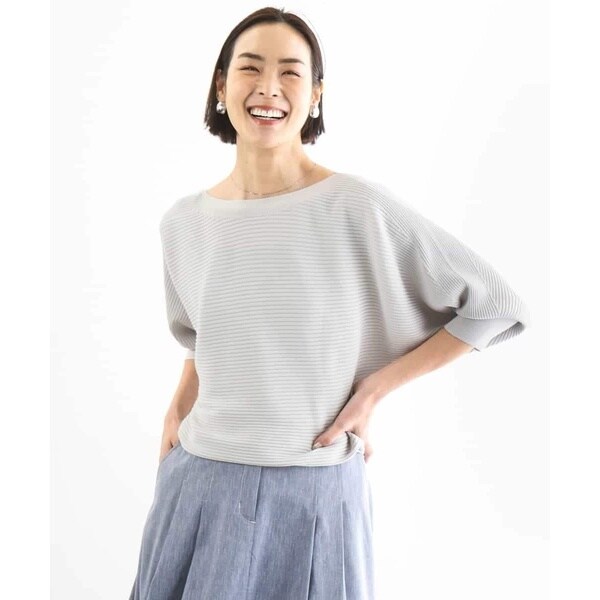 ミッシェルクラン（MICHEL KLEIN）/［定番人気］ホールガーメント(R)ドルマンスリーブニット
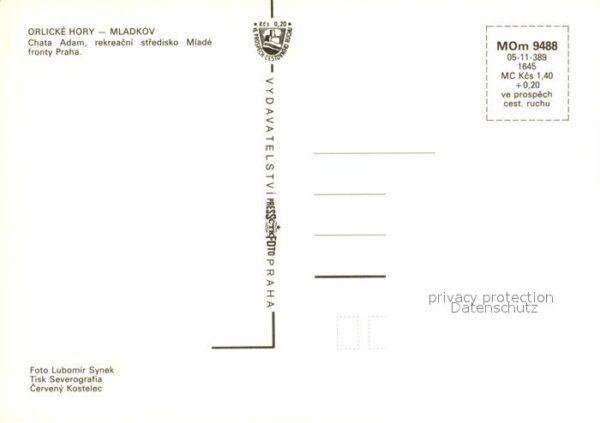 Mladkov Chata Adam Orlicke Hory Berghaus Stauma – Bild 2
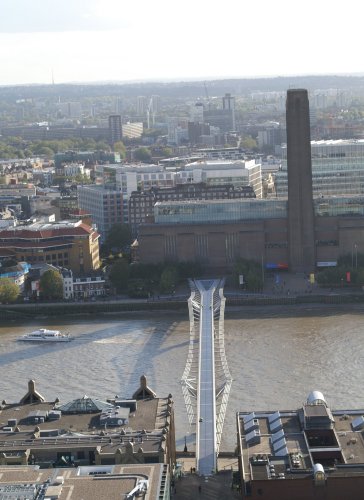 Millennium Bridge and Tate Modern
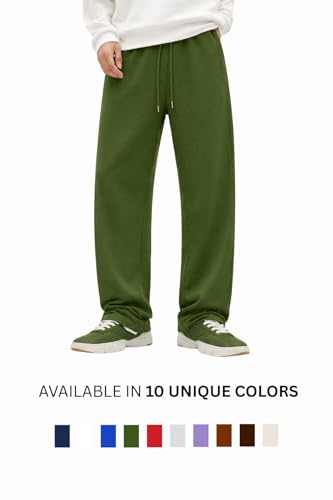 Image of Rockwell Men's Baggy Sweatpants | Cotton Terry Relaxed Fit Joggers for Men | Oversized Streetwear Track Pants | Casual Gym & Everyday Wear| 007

● **What the exercise asks**:
Exact copy, pictures excluded: repeat the lines from the top of the material through the line with "Millennium Bridge and Tate Modern".

● **Written answer**:
 ミッシェルクラン（MICHEL KLEIN）/［定番人気］ホールガーメント(R)ドルマンスリーブニット
 Mladkov Chata Adam Orlicke Hory Berghaus Stauma – Bild 2
 Millennium Bridge and Tate Modern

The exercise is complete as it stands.